Whether a filesystem is as "Turing complete" as the general purpose computer you carry in your pocket deserves being explored, but as a first approximation, Plan 9 has proved quite adequate.

That said, it's not really the point, but your statement correctly makes the case that the filesystem has proved a fine tool for most Computer Science applications; in my opinion it may fall short in fields that are yet to be assimilated under the Turing complete umbrella, but that is a bridge to cross when the need arises. I suppose I ought to mention "ioctl" and "Unix Sockets" as ridiculous alternatives.

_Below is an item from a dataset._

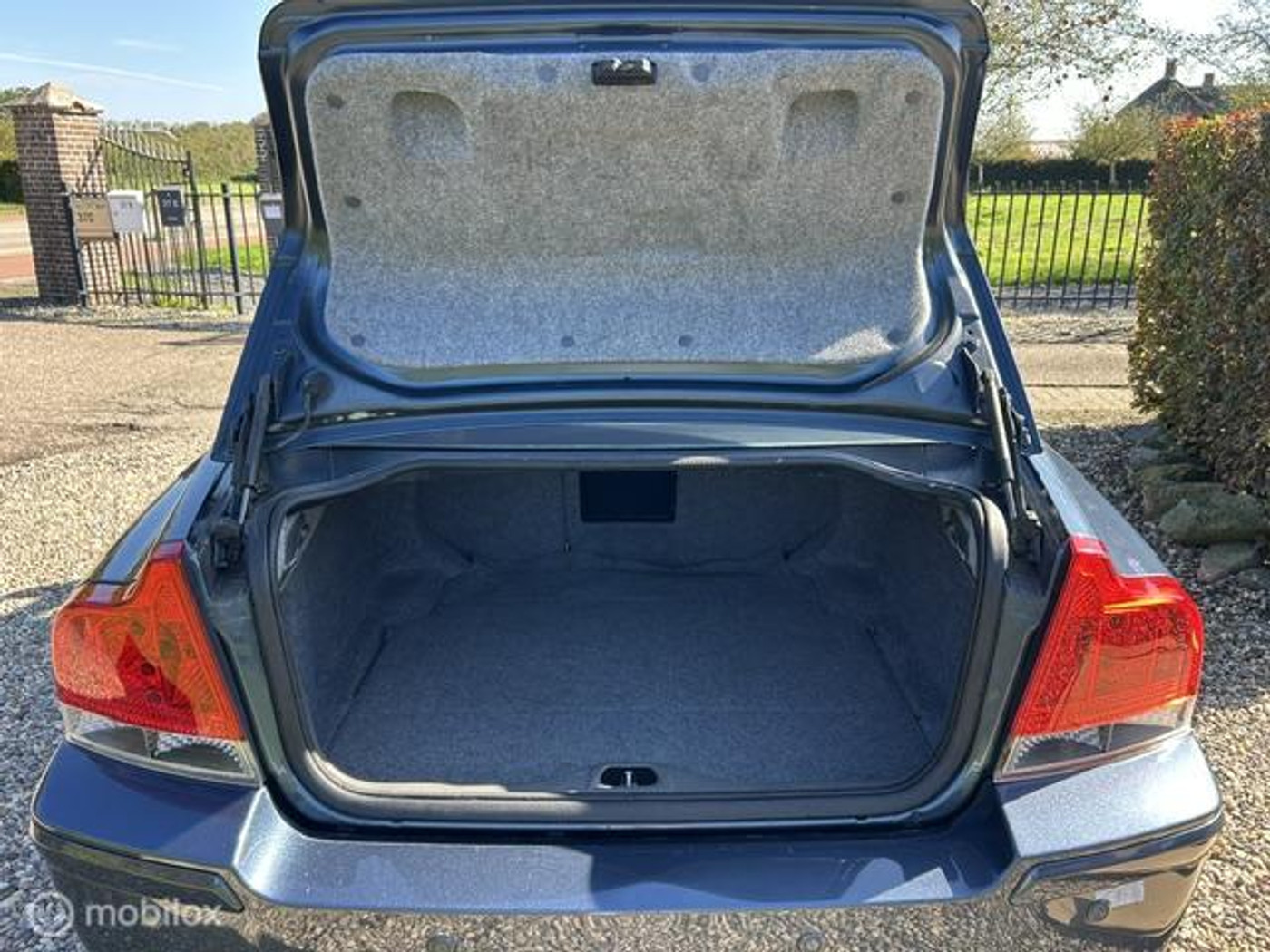 Foto van Volvo S60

My own beef, on the other hand, is that there are quite a few, much less general than "filesystem uber alles" within Plan 9 and certainly less pervasive, that still reflect the Plan 9 ethos. In that respect, I think it is important not to give the filesystem all the authority, but rather find, deeper than the filesystem, the axioms that Plan 9 is not willing to reject. This is purely a philosophical issue, but it is concerning that it may be overlooked simply because the filesystem is such a bright light and the others are less so.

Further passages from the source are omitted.